For the given function \( H(x) = \text{cot}(x) \), we need to find \( H(-315^\text{°}) \). First, we convert \( -315^\text{°} \) to radians:
\( -315^\text{°} = -\frac{315\text{π}}{180} = -\frac{7\text{π}}{4} \).
Because the cotangent is a periodic function with period \( \text{π} \), \( -\frac{7\text{π}}{4} \) is equivalent to \( \frac{\text{π}}{4} \) on the unit circle.
Hence, \( \text{cot}\bigg(\frac{\text{π}}{4}\bigg) = 1 \). Therefore, \( H(-315^\text{°}) = 1 \).
The point on the graph of \( H(x) \) is \( (-315^\text{°}, 1) \).

reference angle

A reference angle is the smallest angle formed by the terminal side of an angle and the x-axis. It is always between \( 0 \) and \( \frac{\text{π}}{2} \).
To determine the value of trigonometric functions for any angle, first find its reference angle.
For instance, the reference angle for \( \frac{7\text{π}}{6} \) is calculated as \( \frac{\text{π}}{6} \). This is because \( \frac{7\text{π}}{6} \) is in the third quadrant, and we subtract \( \text{π} \) from \( \frac{7\text{π}}{6} \) to get it.
Similarly, for \( -315^\text{°} \), which falls in the fourth quadrant when mapped into the unit circle, the reference angle is \( 45^\text{°} \).

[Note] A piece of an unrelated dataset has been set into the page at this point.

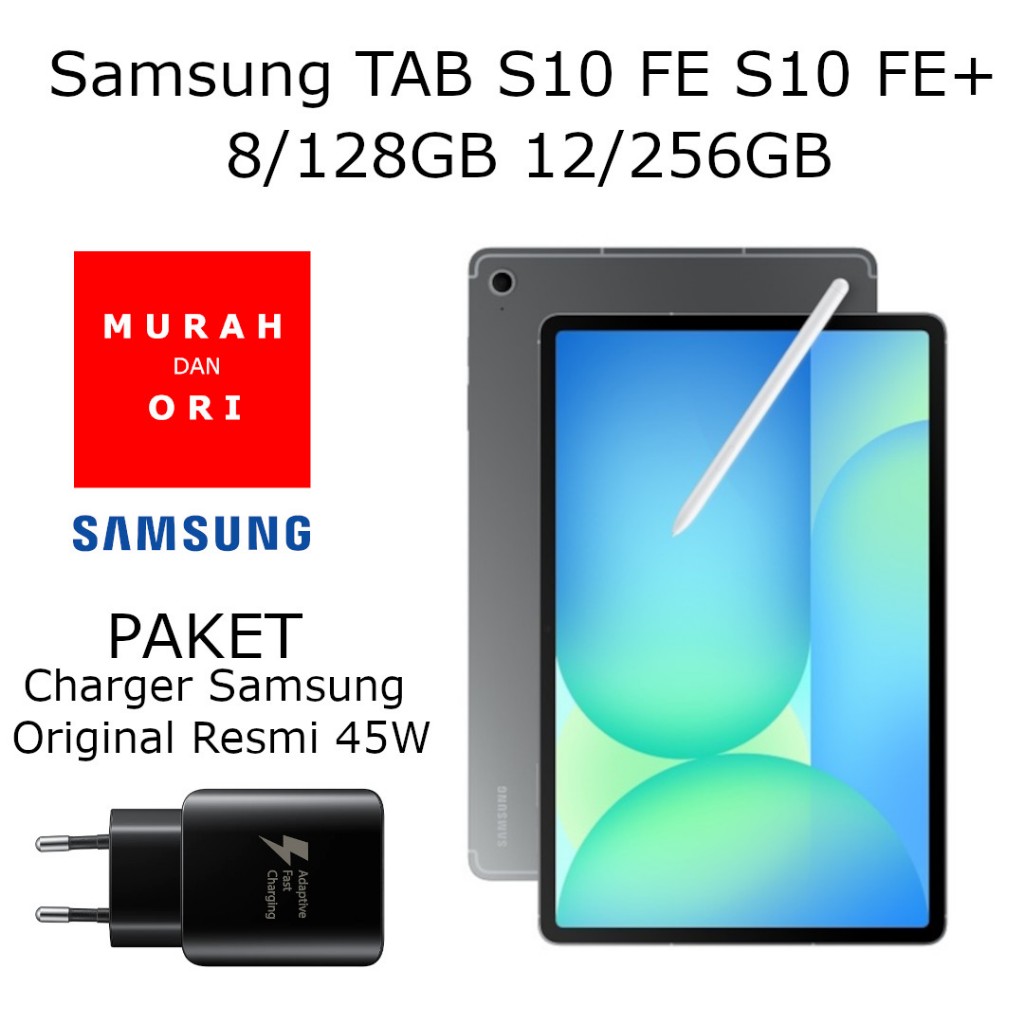 New Samsung Galaxy Tab S10 FE+ S10 FE ( S10FE ) 5G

trigonometric graph points

Points on the graphs of trigonometric functions represent the values of these functions at specific angles.
For \( g(x) = \text{cos}(x) \), the point at \( \frac{7\text{π}}{6} \) is \( \big(\frac{7\text{π}}{6}, -\frac{\text{√3}}{2}\big) \). This means the cosine value is \( -\frac{\text{√3}}{2} \) when the angle is \( \frac{7\text{π}}{6} \).
For \( F(x) = \text{csc}(x) \), the point at \( \frac{7\text{π}}{6} \) is \( \big(\frac{7\text{π}}{6}, -2\big) \). This shows the cosecant value is \( -2 \) when the angle is \( \frac{7\text{π}}{6} \).
For \( H(x) = \text{cot}(x) \), at \( -315^\text{°} \), the point is \( (-315^\text{°}, 1) \), indicating the cotangent value is \( 1 \) at this angle.
Each point gives insight into the behavior of the function with respect to the angles.